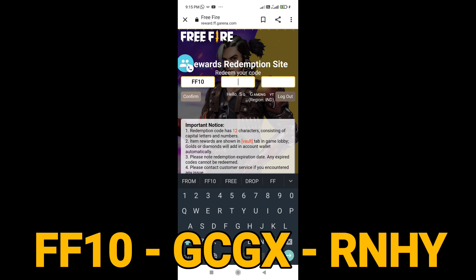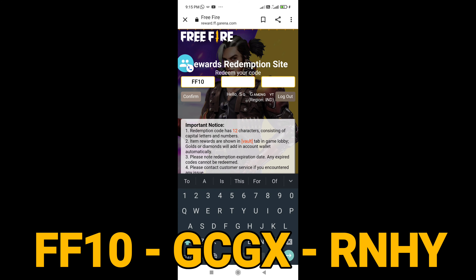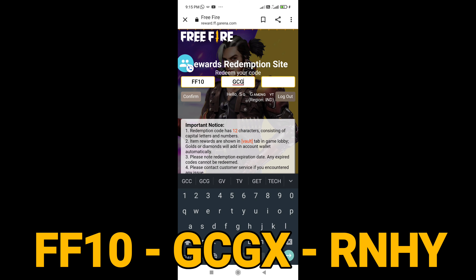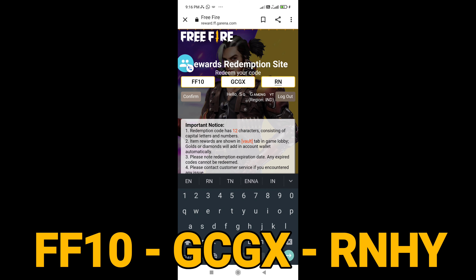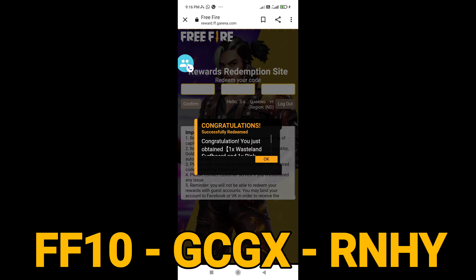Now, we are going to upload. In the description box, we will pin the command. Now, we will see who will read.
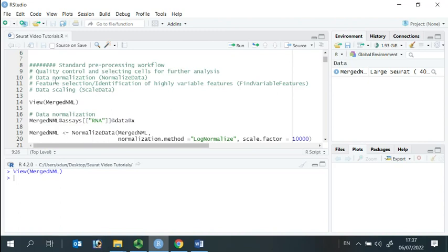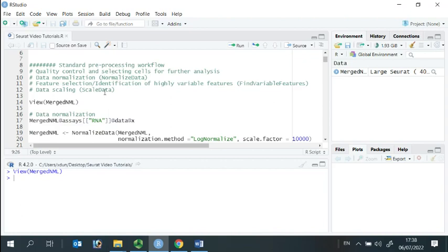Seurat has a command for each step: the normalize data function for data normalization, the find variable features function for feature selection, and the scale data function for data scaling.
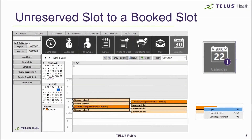After a patient has submitted their appointment booking request through the online appointment website, you can see that the slot has been booked back in Kroll and it displays the patient's name and the service that they've selected. For same-day future appointments, there will be a number icon on the calendar tile to indicate how many upcoming appointments you have scheduled for that day.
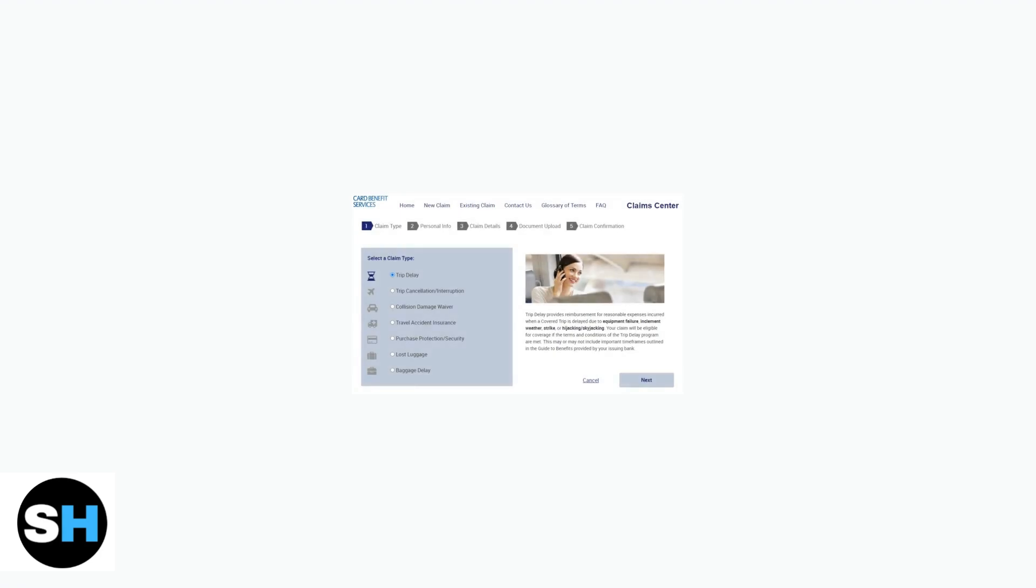Claims can also be filed online through the Chase Card Benefits Portal. You'll select the appropriate claim type based on your specific situation, such as trip delay, purchase protection, or other covered benefits.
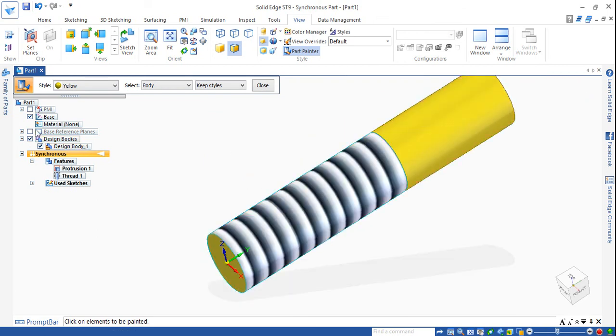Now I can see the visibility of the thread on the cylindrical part.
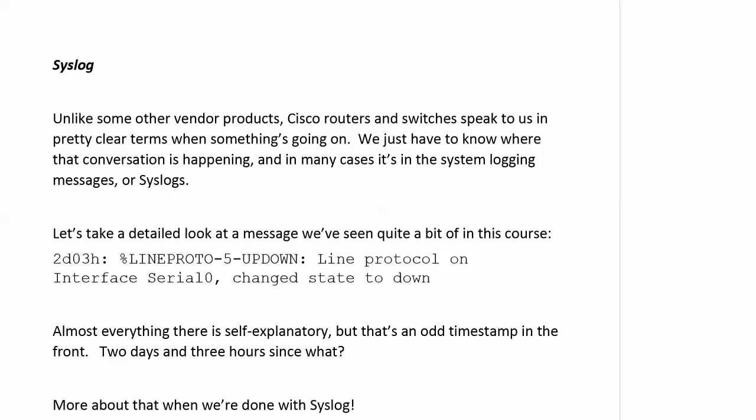When I began studying Cisco routing and switching, one of the first things that I really liked about it was that when the router or the switch had a message for us, it told us in fairly clear terms. You might have some percentage signs and numbers thrown in there you might have to look up once in a while, but no huge string of hexadecimal characters. The conversation was clear. Here, you just have to know where that conversation is happening and in many cases, it's the system logging messages or the syslogs themselves.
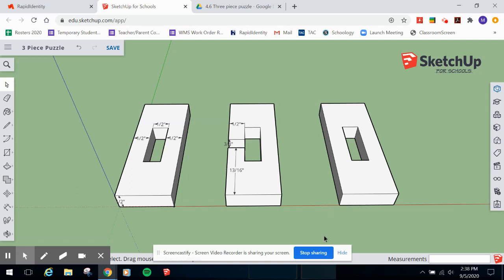SketchUp doesn't really work on a mobile device - you can maybe view files, but you really need a keyboard and mouse to use it properly. Thanks, and Broadway out.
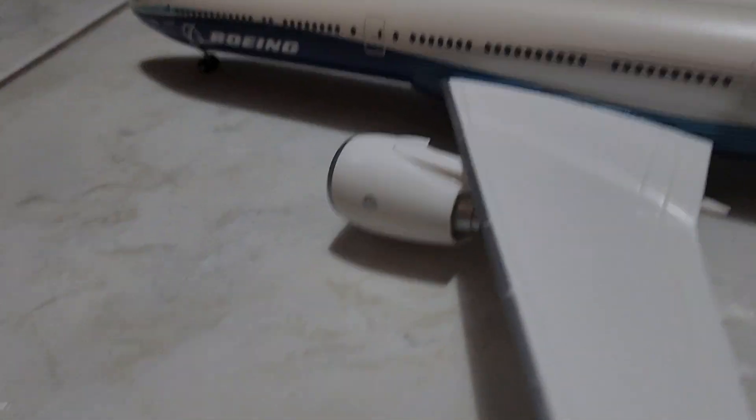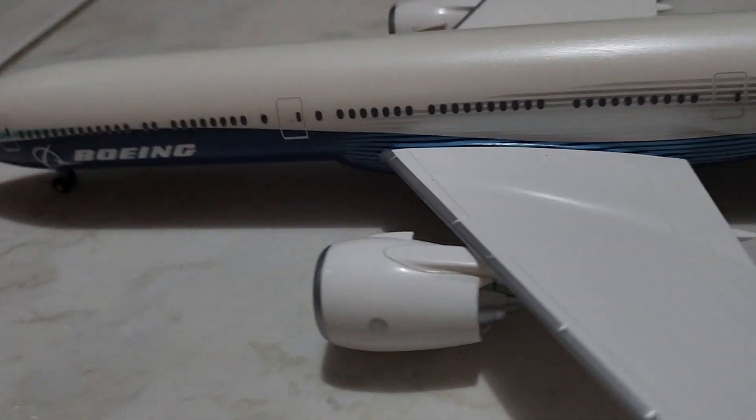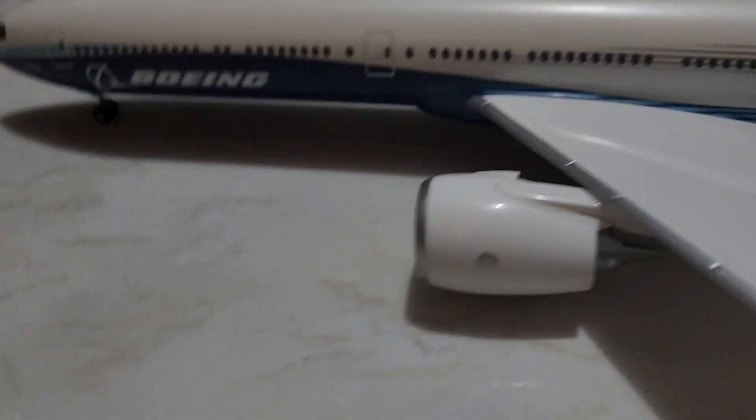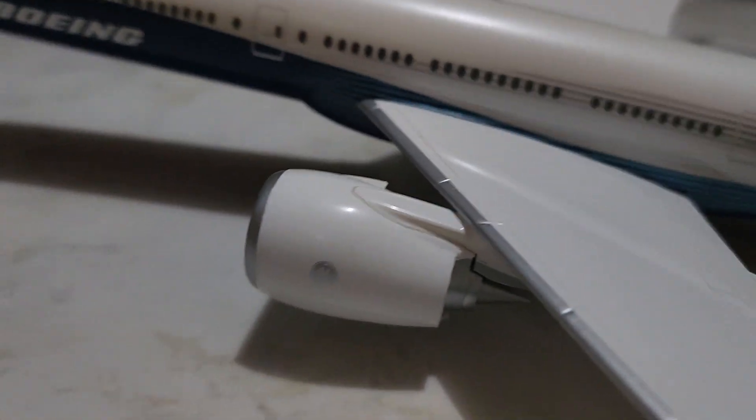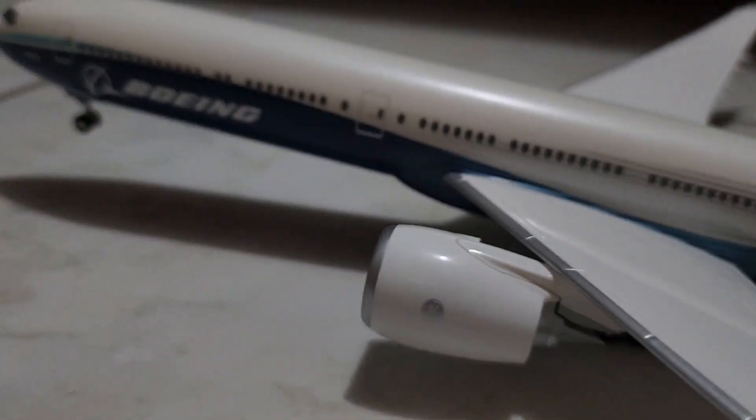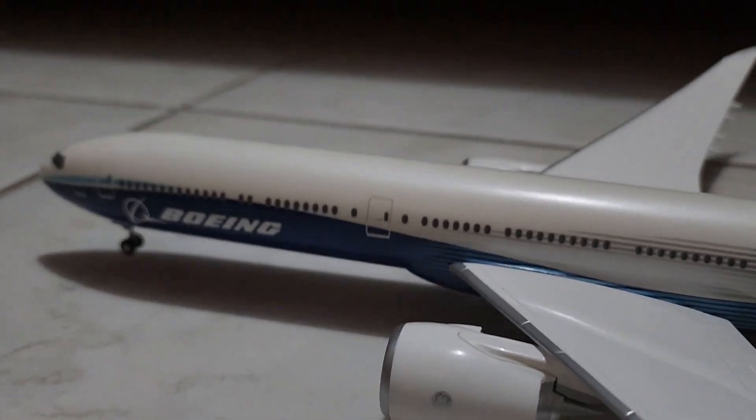Oops, sorry. The phone was touching the wings which made it go like that. Oops, sorry again guys.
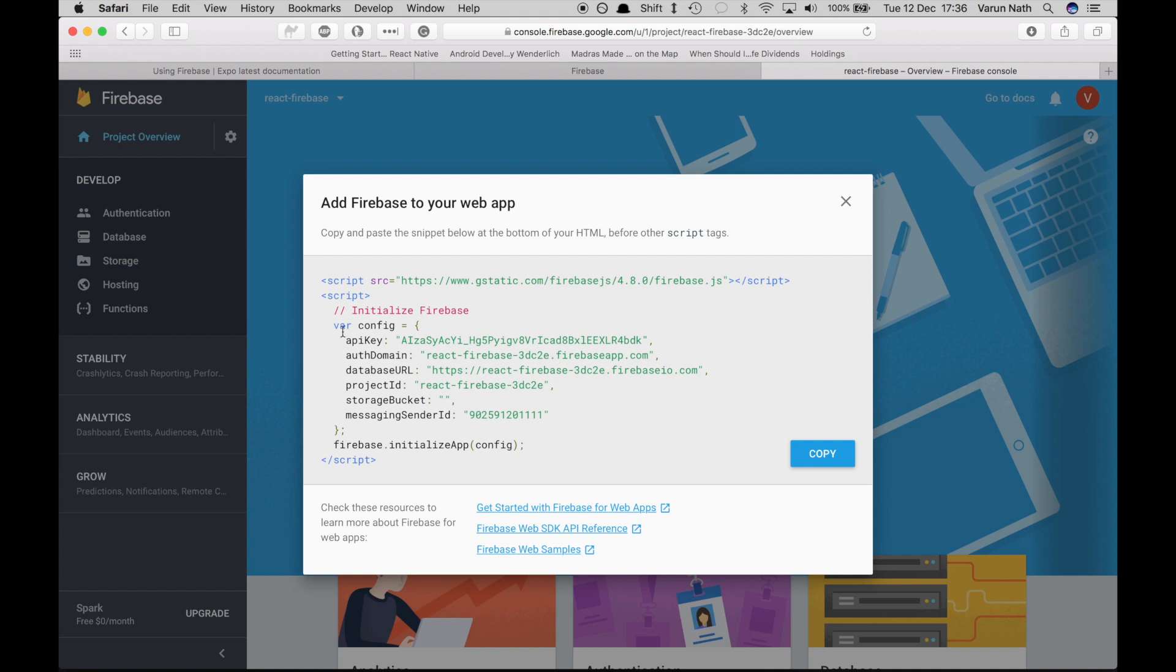What we need from here is the API key, the auth domain, database URL and the project ID. And we can copy in the storage bucket as well. So let's copy that.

####################

__TASK GOAL__: Exactly those lines that run from the line holding "Oops, sorry. The" to the end of the listing above, both included, are to be reproduced, with pictures left out.

__WRITTEN RESPONSE__:
Oops, sorry. The phone was touching the wings which made it go like that. Oops, sorry again guys.
What we need from here is the API key, the auth domain, database URL and the project ID. And we can copy in the storage bucket as well. So let's copy that.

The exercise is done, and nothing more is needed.